RE: "Reach Out and Pay Someone" [News, March 4], regarding how Oregon jails charge for inmates' calls.
While it is a legitimate debate as to whether costs for correctional programs should be shifted onto the backs of inmates, I don't think that it is at all clear what the state's taxpayers think about that idea. The various ballot measures dealing with mandatory sentencing for a variety of offenses is possibly the best indicator of those feelings.
posted by Jimmy Carter
Inmates should not have any electronic amenities. Pencil and paper is how people communicated with their loved ones before smartphones came along. Someone in lockup serving out the rest of their life for raping children should not have internet access. The whole idea of private communication devices is ridiculous as well.
posted by MeLanie Larragoitiy
RE: "A Leap of Faith" [Feature, March 4], regarding the potential efficacy of $20 million to counteract gentrification in North and Northeast Portland.

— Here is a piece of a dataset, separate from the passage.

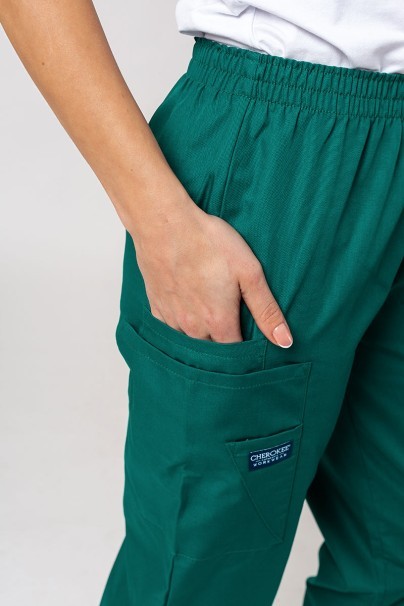 Women's Cherokee Originals (Mock top, N.Rise trousers) scrubs set hunter green-11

Did you move to Portland in the last seven years? You and the rest of the white twentysomething hipsters who flooded North and Northeast Portland may just be the reason why rents have skyrocketed. Perhaps you guys could invite the gangbangers from Gresham over for some cold-pressed coffee if you're concerned about gentrification?
posted by Spindles
This whole thing strikes me as pretty ridiculous. Neighborhoods are NEVER static [and] trying to stop demographic trajectories is like stopping a runaway train. These neighborhoods were Norwegian and German before black (and poor). Where's the handwringing for them? We'll hear a lot of platitudes and see a lot of crocodile tears from city leaders about this issue. Truth of the matter is, few are really sad to see the neighborhood change for the better (and an increased tax base and development), even if that means poorer people, of any color, move past 82nd. And how about you (no matter what color you are)? Would you rather visit Albina now or 15 years ago? How about with your family or out-of-town guests? How about at night? Thought so.
posted by Dizzy
RE: "Some Fond Parting Shots!" [Hall Monitor, March 4], in which exiting News Editor Denis C. Theriault uses his last city hall column to say what he really thinks city leaders should (and shouldn't) do.
It's hard to look at Fritz's accomplishments in a positive light when she communicates so poorly and rarely responds to public input. Instead of simply communicating her actual intentions, she comes across as dishonest. Fish is no better, and after watching Hales fumble at an attempt to raise money for infrastructure, we can sleep better knowing that none of the three will be our mayor.
posted by Scott Hillson
RE: My, What a Busy Week! [March 4], our event picks for the week.
HEY MERC—Thanks for dedicating 183 words' worth of your valuable real estate (via, My, What a Busy Week!) to introduce your readers to the following newfangled phenomena: (1) THE PORTLAND TRAIL BLAZERS! What a great team, and they're local. Who knew? (2) A TRIBUTE to the incendiary music of an unknown cross-dressing scoundrel named PRINCE! (3) A marvelous new space opera known as STAR TREK! Our pedestrian minds are eternally grateful for the innumerable cultural doorways you've opened this week! Thanks for not wasting your copy or our time with something viscerally unhinged and surprising like Booberamapaloozafest at the Kenton Club this weekend, featuring 15 unfamiliar acts you're sure we'd never want to hear. Big props for keeping the riffraff out while still keepin' it weird (but not too weird, thankfully). You're a perfect fit for Portland circa 2015!
Ron Mason Gassaway
THANKS, RON! We're sure that your night of 15 unfamiliar acts was great, and since our enthusiasm for new local music is well documented, we're sure it won't be long until one of them earns our confident recommendation in My, What a Busy Week! Until then, please enjoy two tickets to the Laurelhurst Theater for winning this week's Mercury letter of the week! (You've probably heard of most of the stuff they're playing.)